Artificial intelligence company Shaip has launched a new Generative AI Platform aimed at addressing key challenges in AI development. The platform offers end-to-end support for Large Language Model (LLM) creation, focusing on data quality, model performance, system scalability, and regulatory compliance.
We are thrilled to announce the launch of our state-of-the-art Generative AI Platform! ☀ https://t.co/RFTmfFFW5r#AI #generativeai #innovations #TechNews #Shaip #AIplatforms #artificialintelligence
— Shaip (@weareshAIp) July 25, 2024
The Shaip Generative AI Platform provides tools for multiple stages of AI development:
- Data Generation: Offers ethically sourced data for training and testing, with support for synthetic dataset creation and API/SDK integration for custom data.
- Experimentation: Allows users to manage prompts and compare models from providers like OpenAI, Google, Anthropic, and Cohere, as well as open-source options.
- Evaluation: Includes over 50 automated metrics for assessing model performance, such as hallucination, relevancy, and toxicity. Custom evaluations and integration with open-source tools are also supported.

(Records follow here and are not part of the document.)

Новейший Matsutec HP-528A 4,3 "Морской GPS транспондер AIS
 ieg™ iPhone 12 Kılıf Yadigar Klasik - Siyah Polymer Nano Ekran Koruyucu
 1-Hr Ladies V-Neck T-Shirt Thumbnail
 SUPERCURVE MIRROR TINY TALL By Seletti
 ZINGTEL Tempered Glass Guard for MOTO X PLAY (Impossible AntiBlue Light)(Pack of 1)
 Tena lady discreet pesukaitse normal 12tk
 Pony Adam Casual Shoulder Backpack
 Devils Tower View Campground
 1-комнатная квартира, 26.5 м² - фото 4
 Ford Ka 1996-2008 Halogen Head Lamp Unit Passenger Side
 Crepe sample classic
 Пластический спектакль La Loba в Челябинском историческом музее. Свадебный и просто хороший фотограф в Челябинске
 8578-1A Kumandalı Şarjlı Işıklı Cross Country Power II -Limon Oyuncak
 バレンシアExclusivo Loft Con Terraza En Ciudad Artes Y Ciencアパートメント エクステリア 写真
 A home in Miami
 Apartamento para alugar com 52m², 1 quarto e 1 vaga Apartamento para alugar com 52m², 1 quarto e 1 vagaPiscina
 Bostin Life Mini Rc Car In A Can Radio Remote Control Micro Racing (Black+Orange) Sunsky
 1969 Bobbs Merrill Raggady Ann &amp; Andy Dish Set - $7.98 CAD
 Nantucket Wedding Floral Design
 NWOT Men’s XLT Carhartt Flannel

- Observability: Provides real-time monitoring and analytics for tracking AI system performance, costs, and usage in production environments.
Vatsal Ghiya, CEO of Shaip, stated, “Our Generative AI Platform is designed to address ethical concerns in AI by providing tools to ensure that training data is ethically collected, models respond reliably and ethically, and systems comply with regulatory standards.” He added, “By providing a comprehensive suite of tools and services, we’re empowering organizations to create AI systems that are not only powerful but also ethical and safe.”
The platform supports various use cases, including Q&A pair generation and text summarization. It offers both cloud and on-premise deployment options and combines automation with human oversight.
As generative AI continues to evolve rapidly, platforms like Shaip’s aim to provide developers and organizations with tools to navigate the complex landscape of AI development and deployment. The focus on ethical considerations and regulatory compliance reflects growing industry concerns about the responsible use of AI technologies.